I received that message from my mother tonight, after I thanked her for giving me such great advice (and insight) the day before.

“Be the true you.”

It’s an easier thing to say than to do, but I have spent the day thinking about how to get back to being my best me. I am not 100% there. I may not be 75% there.

There are times when I feel like I am in the zone — everything zips along, I feel strong, I feel healthy, I am able to convince people that I am correct or that my way is the right way. When I am in the zone, I feel powerful and limitless. When I am not in the zone, everything can be a struggle. It all still works, it is mostly seamless, but it takes so much effort to be me.

So, who am I? Who is the true me?

 

  • I am attractive and vivacious.
  • I am very smart, well-educated, and well-read.
  • I am reasonably hot — a combination of physical attractiveness and self-confidence that attracts men who could date anyone.
  • I am supremely self-confident.
  • I am experienced and talented in things other people find cool or interesting.
  • I can convince people that I am an expert, even when I am filled with self-doubt.
  • I am flirtatious.
  • I am playful.
  • I am conversant on a variety of topics and high and low culture. (This makes me unbeatable in trivia games.)
  • I have a mild eating disorder and body image issues.
  • I am afraid my health is failing (and the pain in my foot is causing me anxiety on top of actual pain).
  • I am spoiled.
  • I am self-involved, but not very self-aware. (An oblivious narcissist . . .)
  • I suffer from mild depression related to pmdd. (It does not affect me completely each month, but when it does, it is brutal and damaging.)
  • I am loving and affectionate.
  • I am loyal and true.
  • I am a survivor.
  • Very few people know all of these different sides of me.

    My mother, my brother, my cousin T (who is like my little sister), probably BP, and definitely A. My closest friends do not. They each know some stuff, but just some. 

    BFD has heard me speak of such things, but I do not know he has yet experienced all of it. It’s like when I remind him I was an athlete when I was young and he chuckles and says “yes, you’ve said that.” (It always makes me laugh, and I always smack him.)

    I have been extremely stressed for the past 5 weeks and I have lost some of my essential me-ness. My severe stress has gone on for much longer. That internal battle, that fight for balance while in the midst of a hurricane, that is so much of what is keeping me from being the true me.

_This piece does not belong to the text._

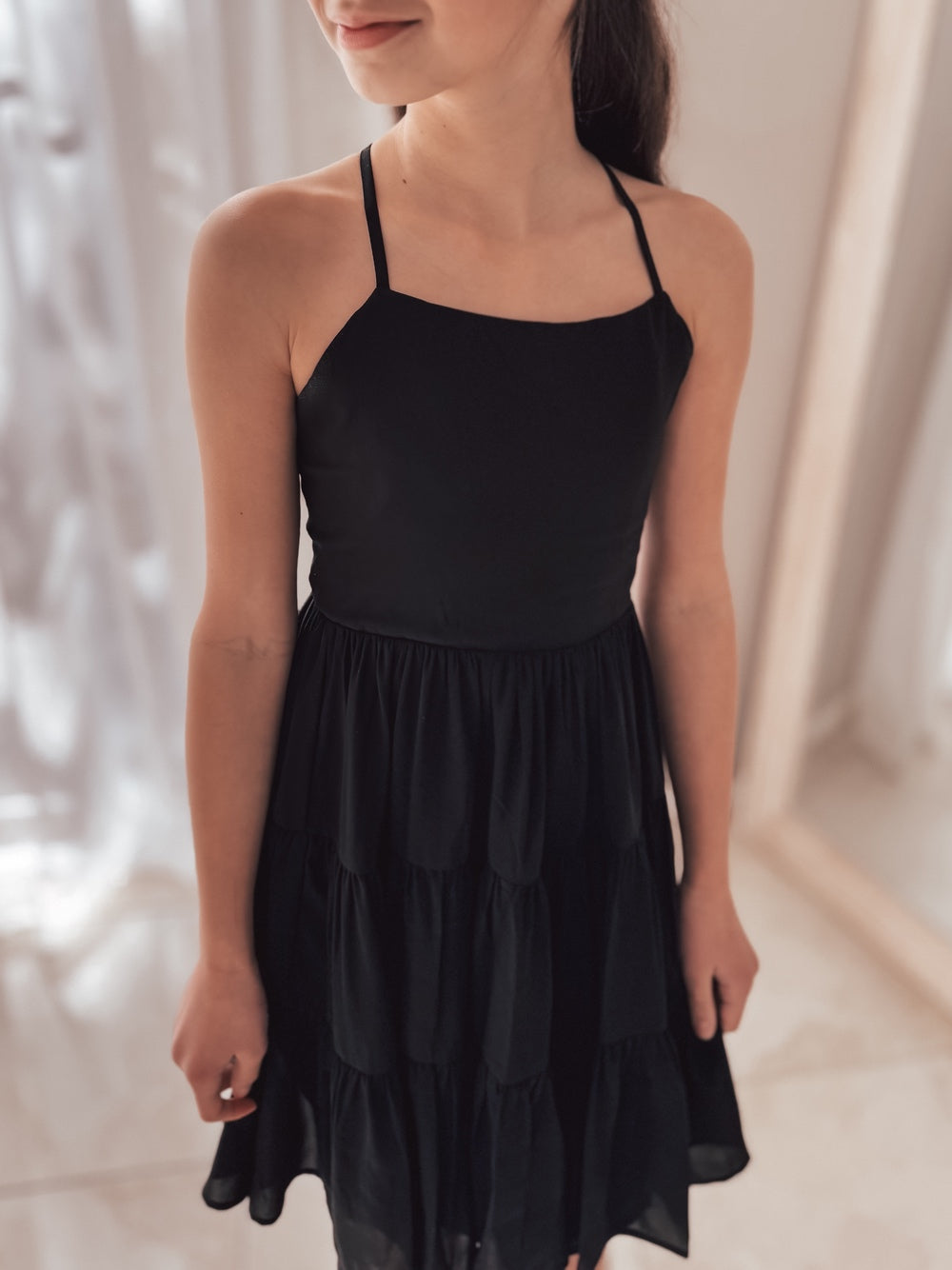 Front view of Phoebe Girls Black Graduation Dress – knee-length chiffon dress with tie-up back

    Since I am a planner, I need a plan to find my way back. It is going to be difficult, but it is essential. Here is my general outline (with apologies to Johnny Mercer)

    1. Accentuate the Positive
     
    I will remember who I am, even if that means I have to reread my “who am I” list from time to time.  I will do things that make me feel good — exercise, cooking very good meals just for me, getting dressed up when I feel like it, and considering what I want to do and then expressing that.  (For BFD, that means I will be much more assertive about things because I will actually think about what I want first.  I am already implementing this and seeing success.)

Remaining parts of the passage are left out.